A review by jedore
Cat's Eye by Margaret Atwood

challenging dark sad tense slow-paced
  • Plot- or character-driven? Character
  • Strong character development? It's complicated
  • Loveable characters? It's complicated
  • Diverse cast of characters? No
  • Flaws of characters a main focus? Yes

3.75

“Little girls are cute and small only to adults. To one another they are not cute. They are life-sized.”

Apparently I read this book a couple decades ago, but it was all new to me this time around. 

Having been the victim of various degrees of bullying from the first day of 4th through the beginning of 9th grade, I thought I would connect deeply with this book. I totally related to much of what Elaine (coincidentally my middle name) went through…though it was quite a bit harsher and more focused than my experience. We even shared the experience of one of the bullies’ parents being a POS and a mother who knew it was happening, but did nothing to stop it. But Atwood lost me at the point Elaine’s abuse ended, which was quite a large portion of the book.
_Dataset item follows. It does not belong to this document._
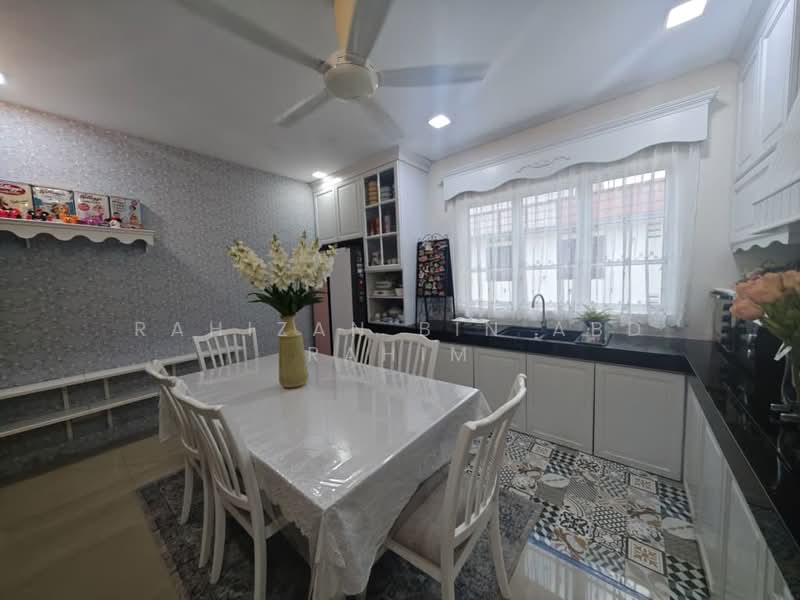1-storey Terraced House for Sale in Taman Laksamana (Kota Tinggi) - Rahizan Bin Abd Rahim - Kitchen - PropertyGuru.com.my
Maybe it’s because I’m such a sensitive soul, but being bullied totally wrecked me for the first three decades of my life. I was so terrified of females that I steered clear of them until my thirties. I thought it was totally unbelievable that Atwood had Elaine reunite with her primary abuser in high school and remain best friends for several more years, seemingly without any repercussions. Once I escaped my bullies (also in early high school), I would NEVER, EVER have returned! I also found it unrealistic that Elaine joined women’s groups in early adulthood. It was disappointing that Atwood didn’t dive deeper into Elaine’s damage and true feelings toward women. I also became hyper-focused on males because they didn’t play the mind games and treated me so much better (albeit that was always because they wanted something from me, which was also damaging in a different way). While on several occasions Elaine mentioned her preference of males, it didn’t go deep enough given the severity of her abuse at the hands of females. 

To this day, as a result of being bullied as a young girl and a consistent flow of baffling situations and/or minor to moderate bullying by grown women, I’m in a strange place with women…I absolutely love and support them from afar, but I can only claim one deeply loving and mutually supportive female non-familial relationship. I’ve accepted that it must not be meant to be in this lifetime. 

So, overall, the book missed the mark for me, which was disappointing considering the massive potential the story held for me. I may be wrong, but my hypothesis is that Atwood didn’t actually live what she wrote about in this book, she just believed herself capable of writing about it.